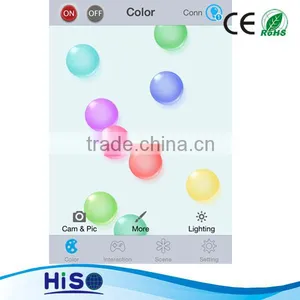 OEM Bluetooth LED Smart Bulb With Top Brand Bluetooth Module for Smart Home thumbnail-4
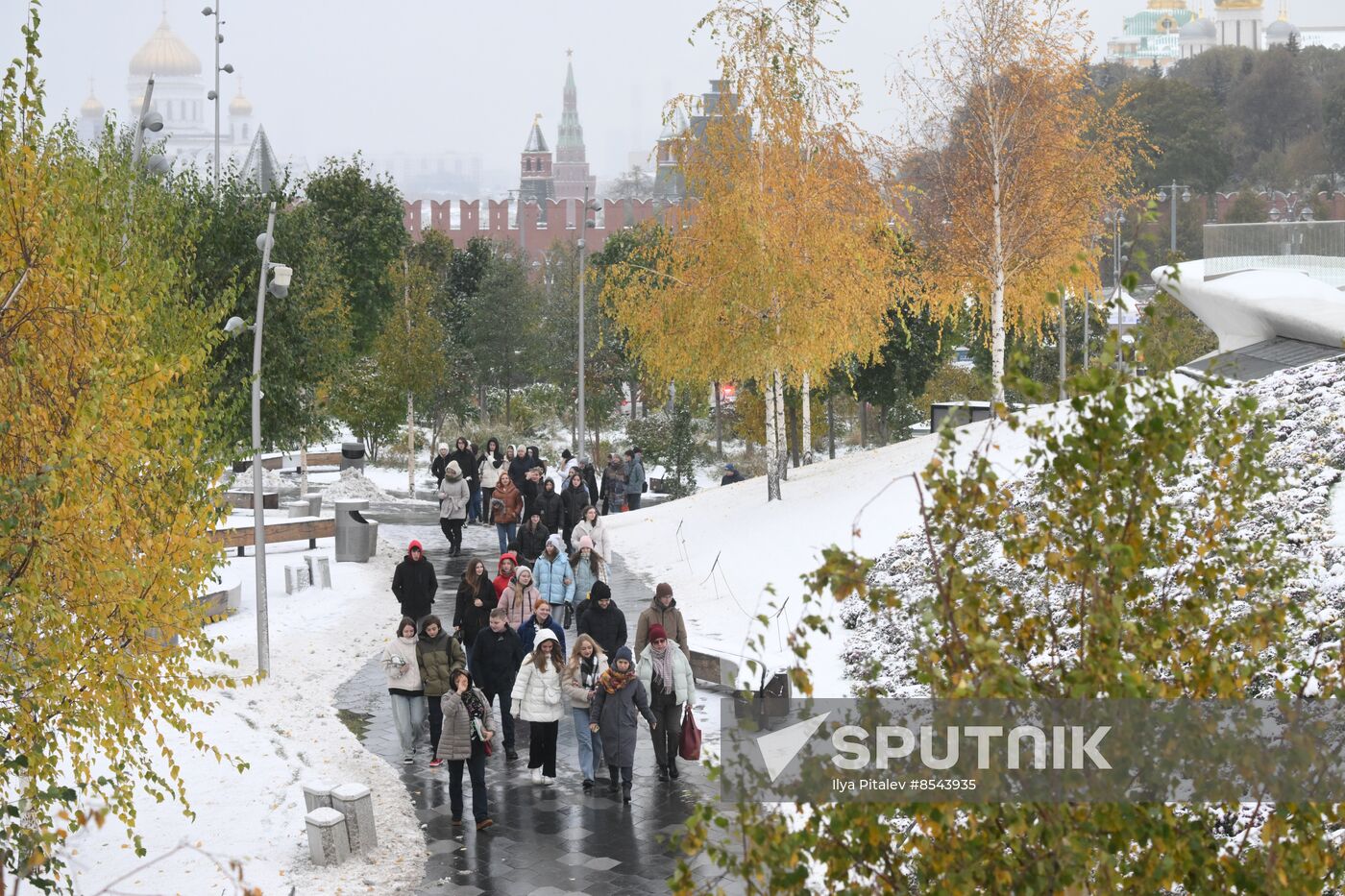 Russia Weather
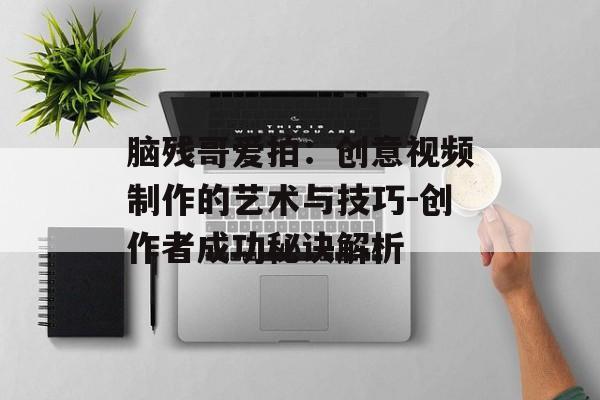 脑残哥爱拍：创意视频制作的艺术与技巧-创作者成功秘诀解析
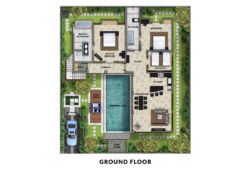 Villa Jepun TRS Ground Floor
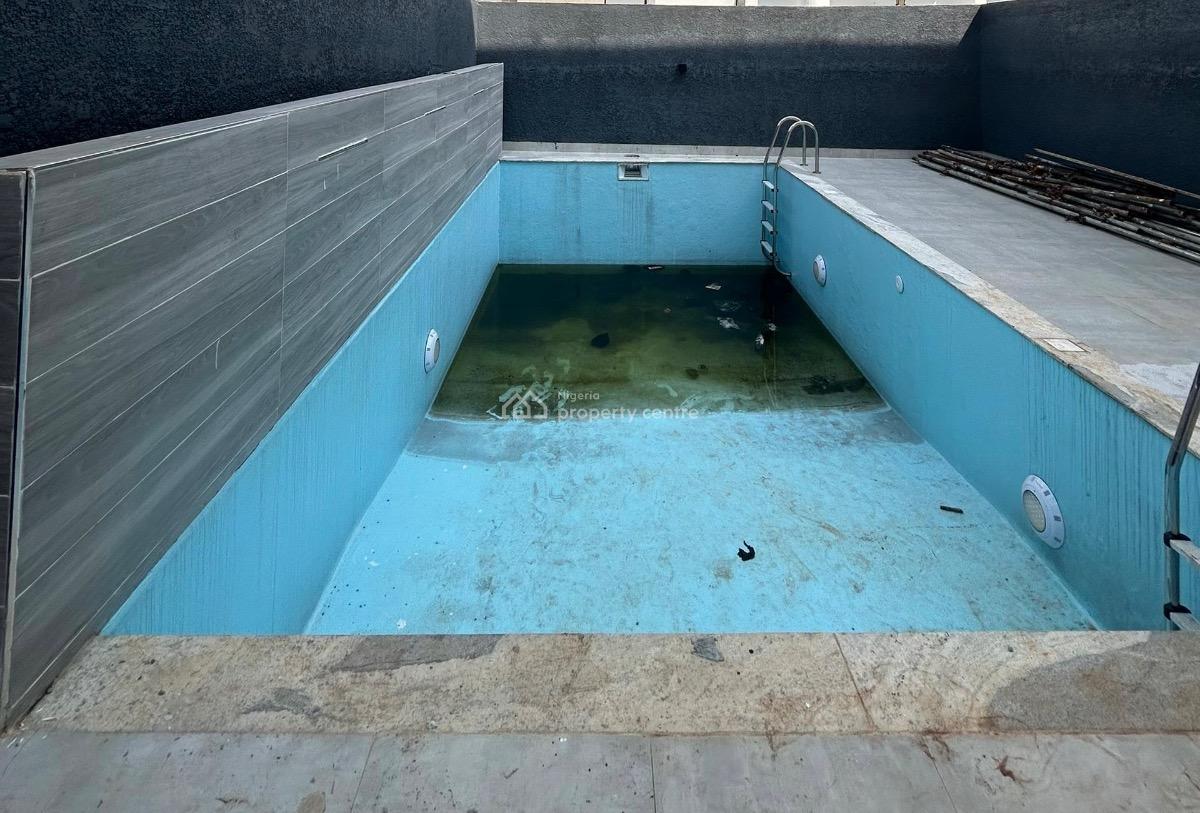 Luxury 4 Bedroom Fully Detached Duplex, Banana Island, Ikoyi, Lagos, Detached Duplex for Sale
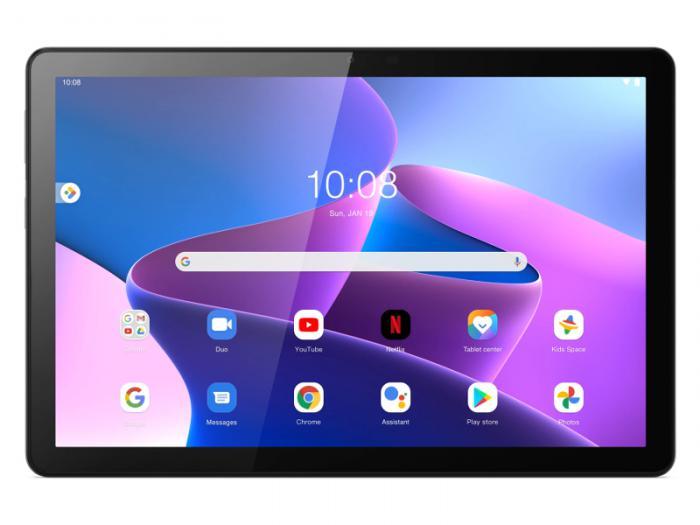 Планшет Lenovo Tab M10 Gen 3 Grey ZAAE0001RU (Unisoc Tiger T610 1.8 - фото 1 - id-p225411458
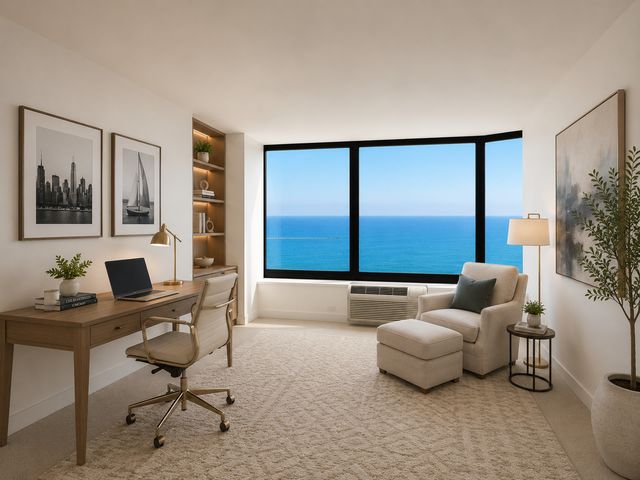 155 N HARBOR Drive 4312, Chicago, IL 60601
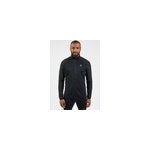 Odlo veste de running zeroweight warm hybrid pour homme, s, noir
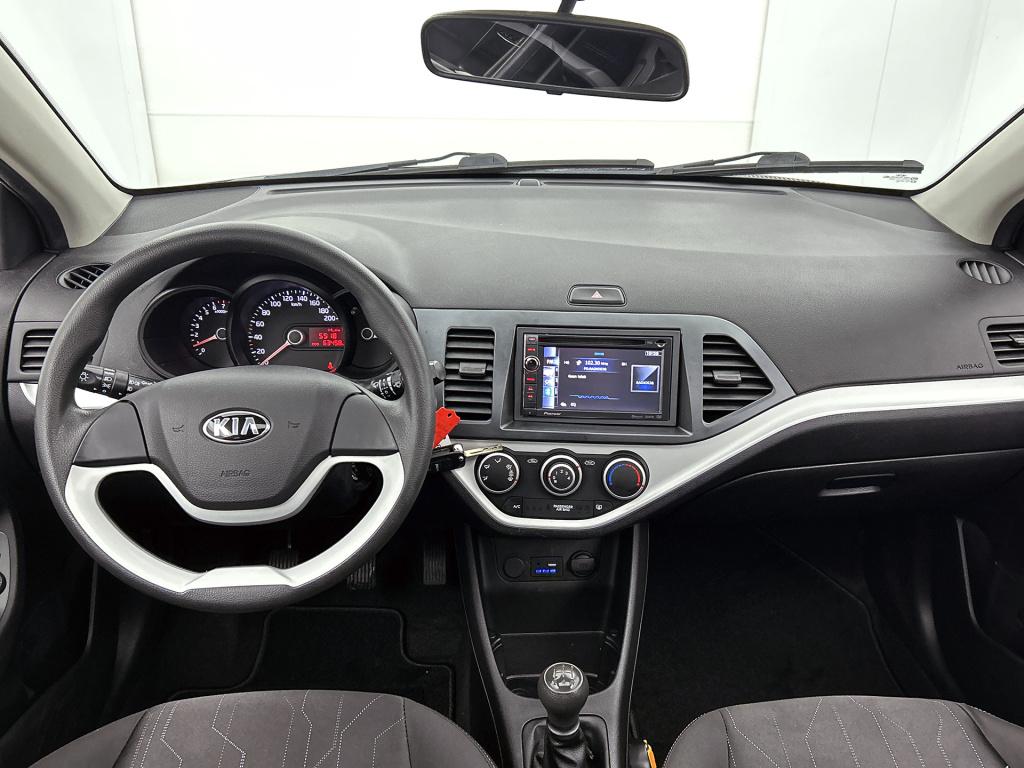 Kia Picanto 1.2 cvvt isg plus pack | schuidak | led | airco |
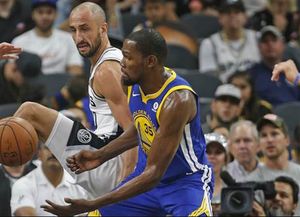 San Antonio cosechó su cuarta caída al hilo en la NBA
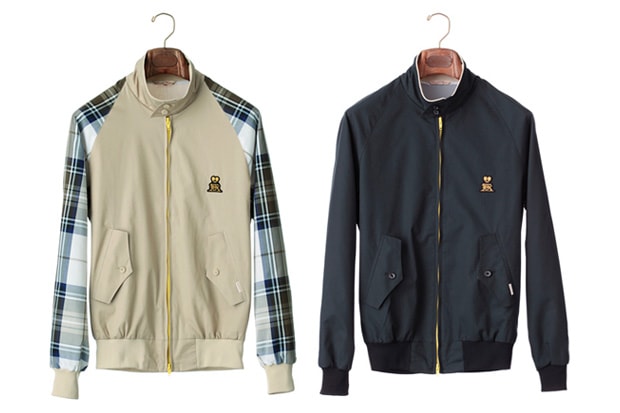 Griffin x Baracuta 2010 Spring/Summer Collection G9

- **Work to complete**: Word for word, return all the entries and skip their pictures.

- **Written answer**:
 OEM Bluetooth LED Smart Bulb With Top Brand Bluetooth Module for Smart Home thumbnail-4
 Russia Weather
 脑残哥爱拍：创意视频制作的艺术与技巧-创作者成功秘诀解析
 Villa Jepun TRS Ground Floor
 Luxury 4 Bedroom Fully Detached Duplex, Banana Island, Ikoyi, Lagos, Detached Duplex for Sale
 Планшет Lenovo Tab M10 Gen 3 Grey ZAAE0001RU (Unisoc Tiger T610 1.8 - фото 1 - id-p225411458
 155 N HARBOR Drive 4312, Chicago, IL 60601
 Odlo veste de running zeroweight warm hybrid pour homme, s, noir
 Kia Picanto 1.2 cvvt isg plus pack | schuidak | led | airco |
 San Antonio cosechó su cuarta caída al hilo en la NBA
 Griffin x Baracuta 2010 Spring/Summer Collection G9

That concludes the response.